(COLLECTED DATA)
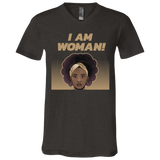 "I Am Woman" Unisex Jersey SS V-Neck T-Shirt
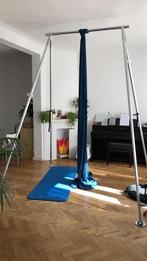 Structure pour tissu aerien X-pole A-Frame avec tissu, Sport en Fitness, Turnen, Ophalen, Zo goed als nieuw, Blauw, Materiaal
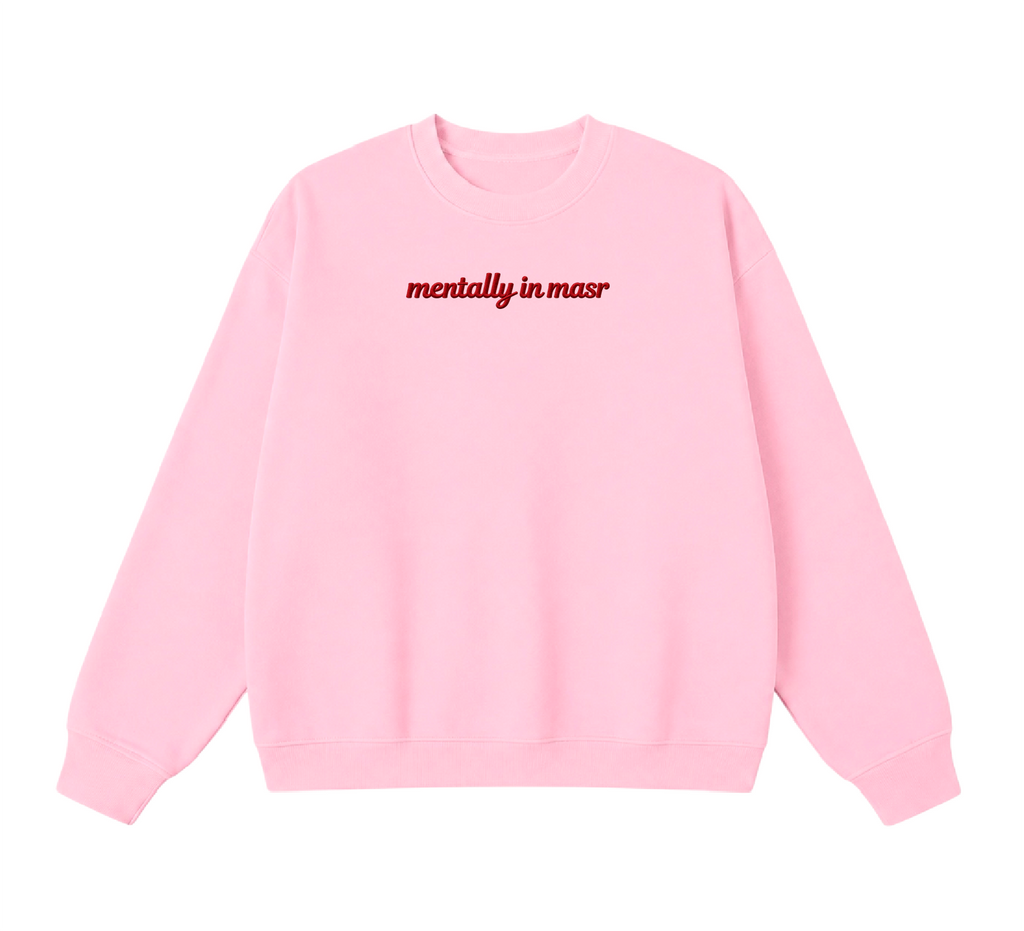 Embroidered Mentally In Masr Crewneck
(End COLLECTED DATA)
* **INSTRUCTIONS TO FOLLOW**
Would you print all of the material exactly as written, minus the pictures?

* **ANSWER SPACE**
 "I Am Woman" Unisex Jersey SS V-Neck T-Shirt
 Structure pour tissu aerien X-pole A-Frame avec tissu, Sport en Fitness, Turnen, Ophalen, Zo goed als nieuw, Blauw, Materiaal
 Embroidered Mentally In Masr Crewneck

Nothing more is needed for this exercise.